Manson usually retouches photos for clients such as fashion magazines, but the project in the Tohoku region was her first endeavor to restore photos that were damaged by Mother Nature.
When she volunteered to come to Japan in May 2011, she only planned to stay for three weeks to help with initial postdisaster needs, which included cleaning homes and clearing ditches with All Hands Volunteers, a U.S. nonprofit group. She ended up staying for six months.
Manson shared her experience last June in a TED Talk lecture. She said then that looking at the piles of photos, she “couldn’t help but think as a retoucher that I could fix that tear and mend that scratch, and I knew hundreds of people who could do the same.”
Manson said the project, which was fully supported by All Hands, began with several dozen volunteers and spread through such social media sites as Facebook and LinkedIn, with 80 people wanting to help from 12 different countries.
To date, over 500 volunteers worldwide have helped retouch hundreds of photos for 90 families. She said volunteers pitched in from across the world, including the U.S., Europe and Asia.
The photo retoucher had no personal connection with Japan until the disasters but developed a “pretty emotional experience” with the local community. She is particularly thankful for a local woman who helped “hand clean” photos, a necessary step before retouching.
She said it was heartening to restore tsunami-damaged photos, especially those of weddings and babies. The task was different from her usual work of trying to “make skinny models skinnier, perfect skin more perfect, and the impossible possible.”
One photo she remembers fondly is that of a little girl in a ballerina outfit. It was covered in scratches.
“It was a really nice start to a project to realize what we could do,” Manson said, adding she and volunteers would set up stations in communities with a laptop and scanner so she could upload the photos immediately to a cloud server.
She noted the project also offered a chance for volunteers outside Japan to help, saying, “A lot of people wanted to volunteer and come to Japan, but they either couldn’t afford it or couldn’t take time off work.”
As much as she wanted to repair more photos, she was often pressed by time constraints and difficulty salvaging heavily damaged photos. For example, there was a photo of a woman dressed in a wedding kimono where the sides of the kimono were blurred. “When images like that came in, we needed to make sure we had some very, very experienced and talented retouchers so that they can be fixed correctly,” she stressed.

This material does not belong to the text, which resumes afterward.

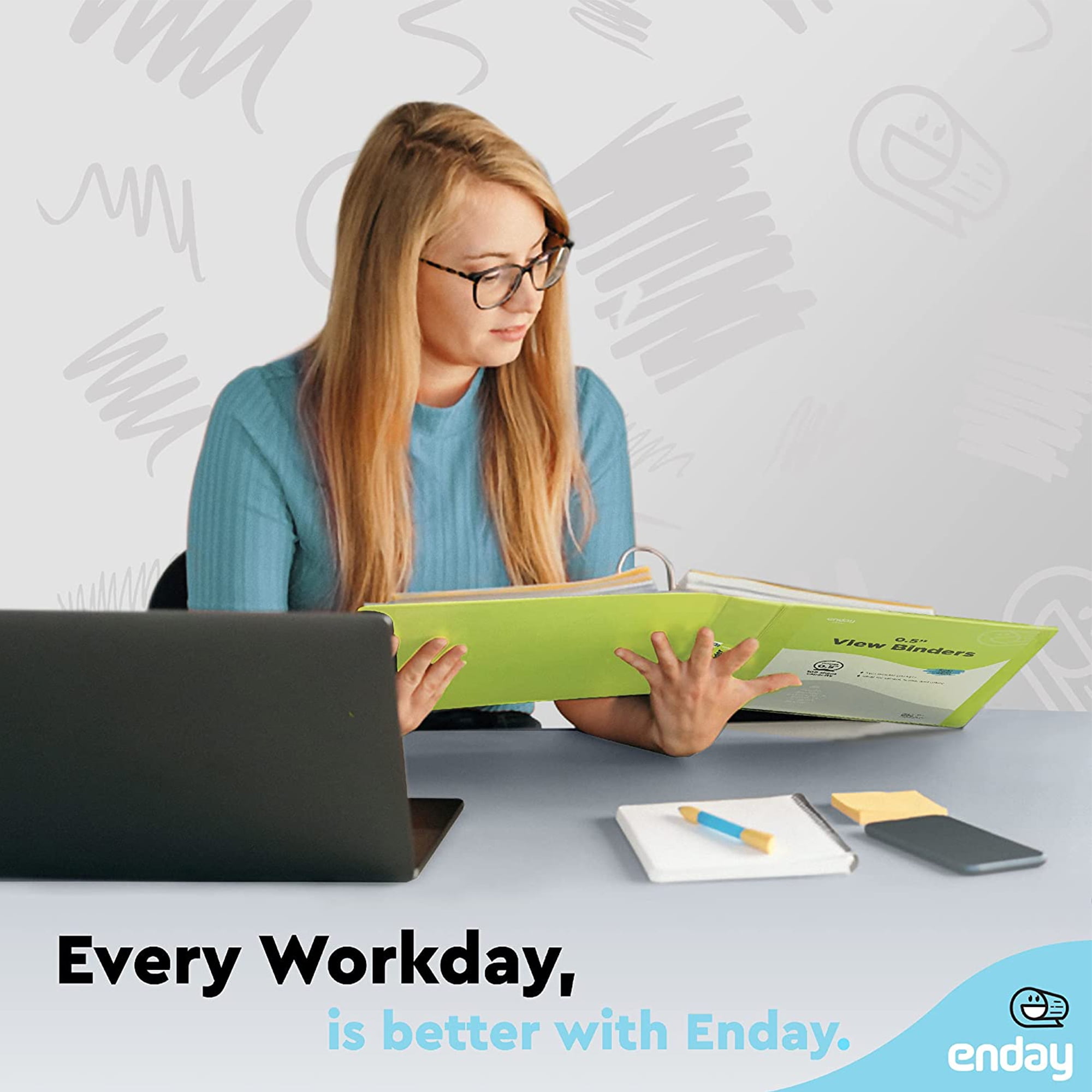 Enday 1/2 Inch Binder 3 Ring Binders with Pockets for Home, Office, School Supplies Organization, Multicolor 6 Pc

“Some things are delicate; the wedding kimono . . . it’s like fixing someone’s face — if you don’t get it right, it doesn’t look like it should, it’s pointless doing the job,” Manson said, adding that each photo has both a personal and historic value.
More than a year after the disasters, her photo retouching efforts have resonated through the hearts of groups in the U.S. that have decided to launch similar projects in response to tropical storms in their communities.
With Hurricane Sandy hitting closer to home in New York, Manson remains eager to share the idea of retouching disaster-damaged photos and is ready to help Japan again if she is needed.
In her TED lecture, Manson said photos are “our memory-keepers and our histories, the last thing we would grab and the first thing you’d go back to look for.”
“That’s all this project was about, about restoring those little bits of humanity, giving someone that connection back,” she said.